Task objective: Output word for word the lines from the one with "Замена печатающей головки" to the final line of the data, both ends included, but skip the pictures.

Data in this exercise:
########

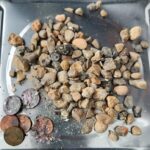 墓じまいが増えました。(画像は墓じまいの折に遺骨と混じっていた砂利や異物です)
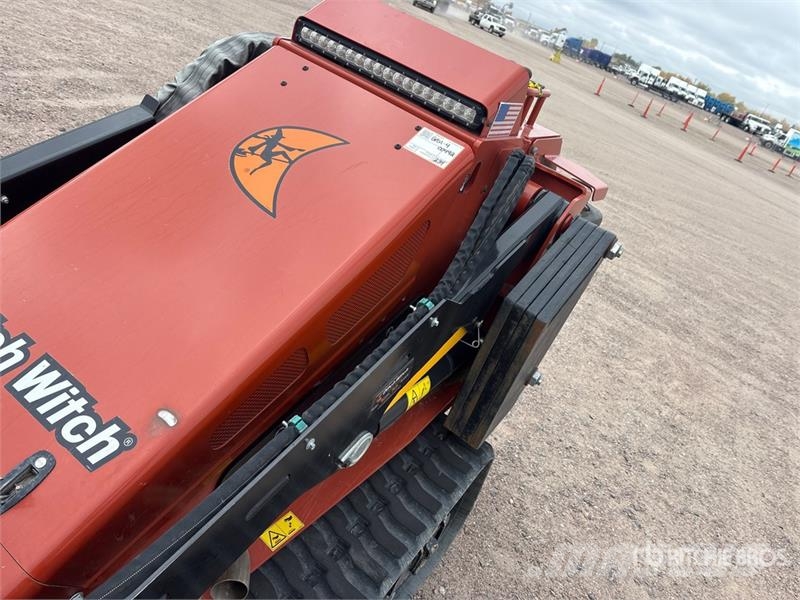 Ditch Witch SK1750 Compact Track Loader Krautuvai su šoniniu pasukimu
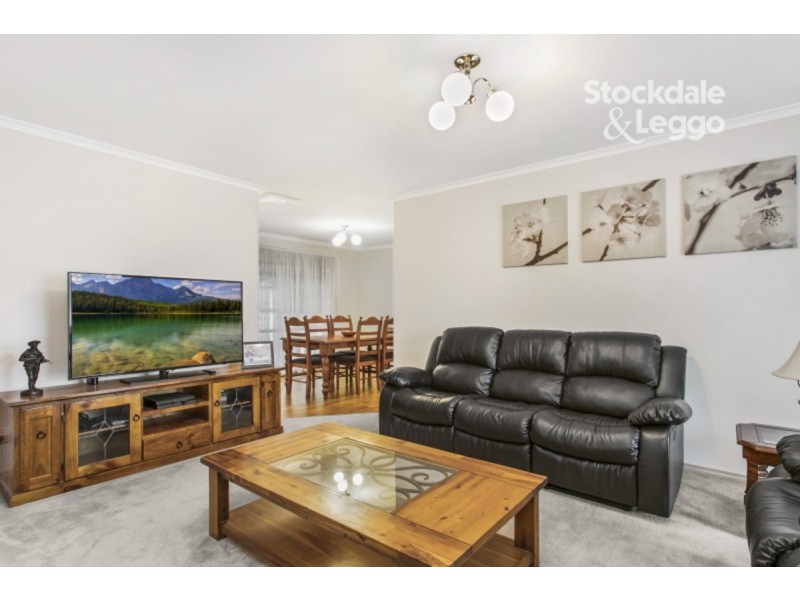 5 Christina Street, Narre Warren VIC 3805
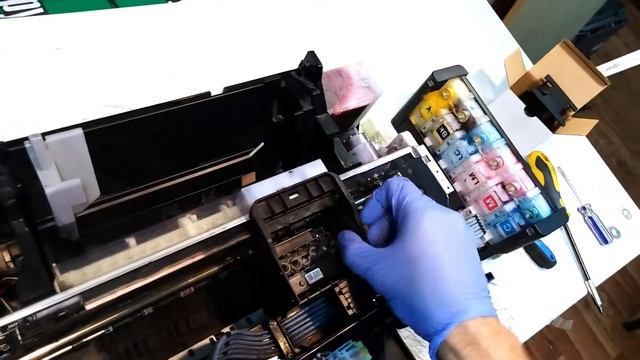 Замена печатающей головки на принтерах Epson L800, L805 смотреть онлайн
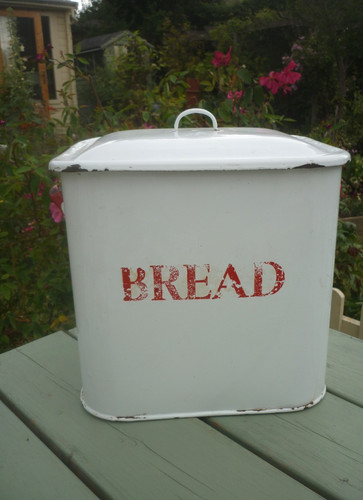 Vintage white enamel - vintage, brad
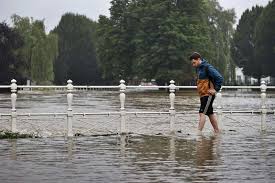 Waterschap plaatst pompen in provincie vanwege hoge stand maas. Freel0wkqzighm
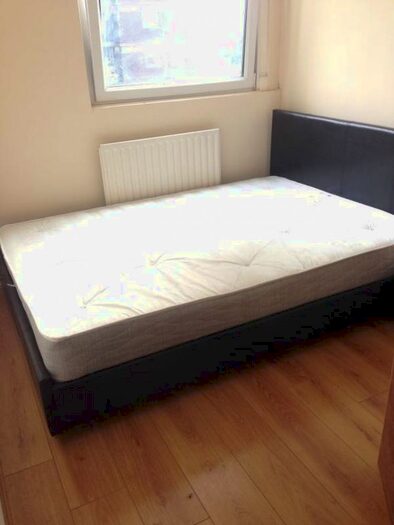 2 Bedroom Flat To Rent In Camden Road, London, NW1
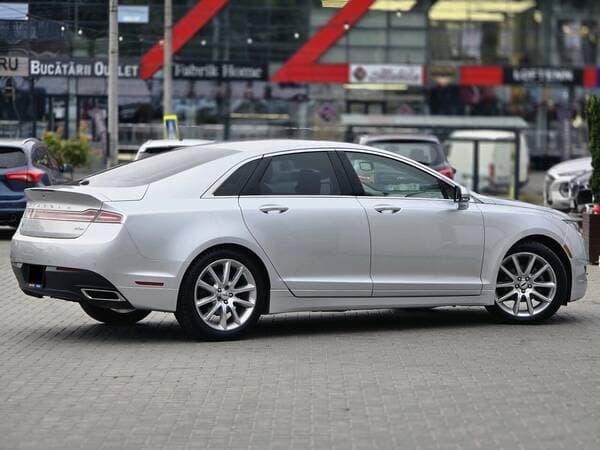 2015 Lincoln MKZ — Miniatură 3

########

Exercise solution:
 Замена печатающей головки на принтерах Epson L800, L805 смотреть онлайн
 Vintage white enamel - vintage, brad
 Waterschap plaatst pompen in provincie vanwege hoge stand maas. Freel0wkqzighm
 2 Bedroom Flat To Rent In Camden Road, London, NW1
 2015 Lincoln MKZ — Miniatură 3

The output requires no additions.